• Work to be completed:
Once the pictures are removed, reproduce what is left of the data below exactly.

━━ Records provided ━━

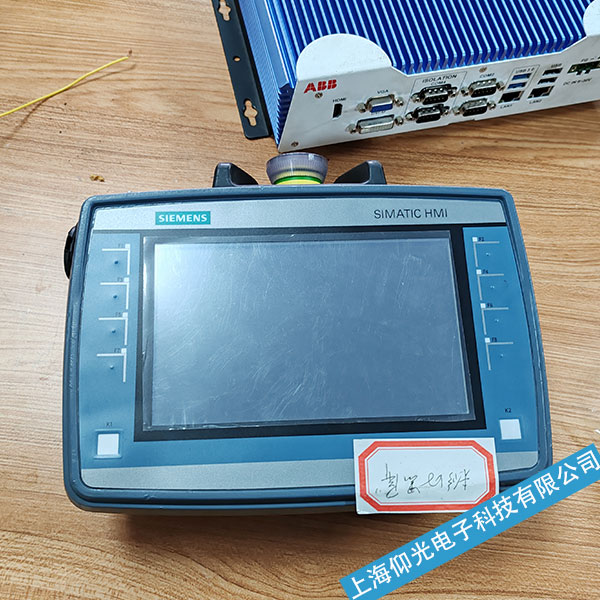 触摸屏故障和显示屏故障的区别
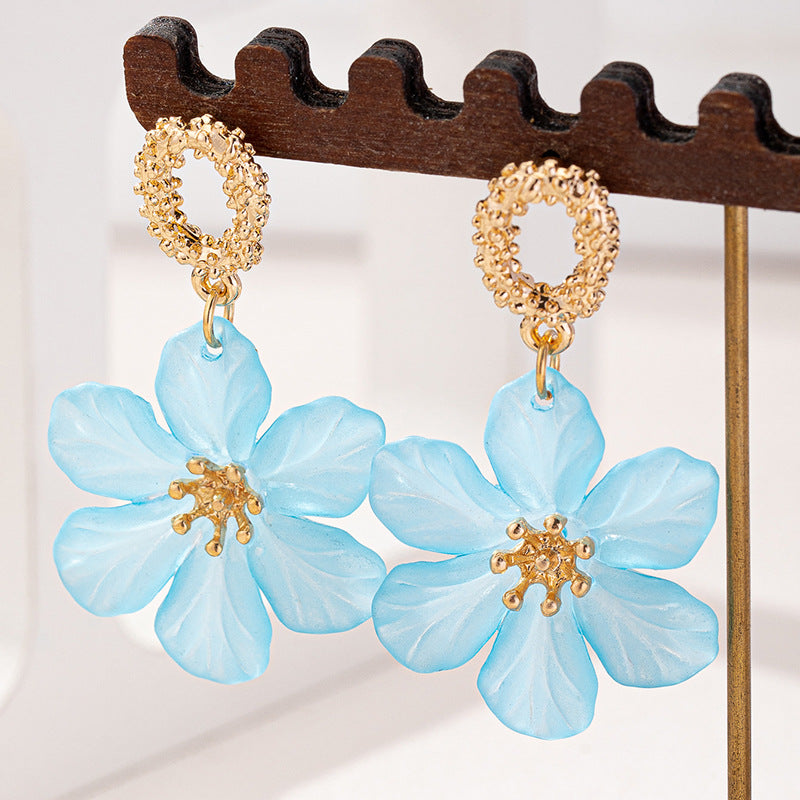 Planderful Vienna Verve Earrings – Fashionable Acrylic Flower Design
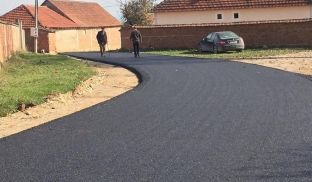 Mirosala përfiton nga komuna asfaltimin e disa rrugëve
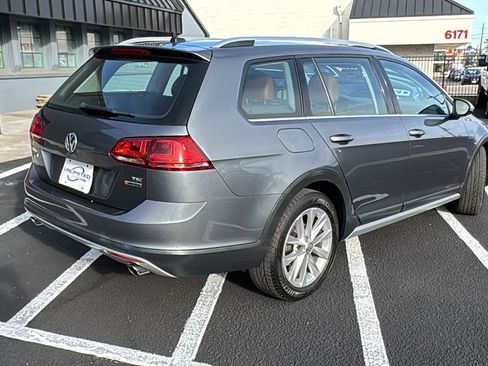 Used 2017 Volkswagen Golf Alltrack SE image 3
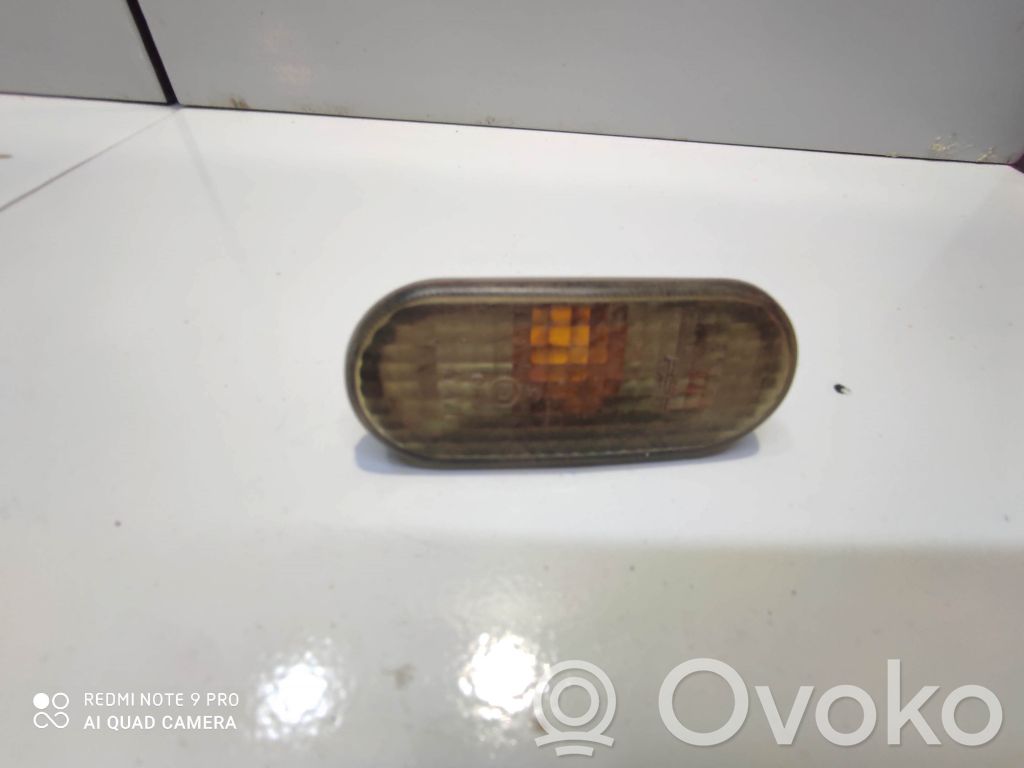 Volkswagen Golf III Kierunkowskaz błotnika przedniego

━━━

• Completed task:
 触摸屏故障和显示屏故障的区别
 Planderful Vienna Verve Earrings – Fashionable Acrylic Flower Design
 Mirosala përfiton nga komuna asfaltimin e disa rrugëve
 Used 2017 Volkswagen Golf Alltrack SE image 3
 Volkswagen Golf III Kierunkowskaz błotnika przedniego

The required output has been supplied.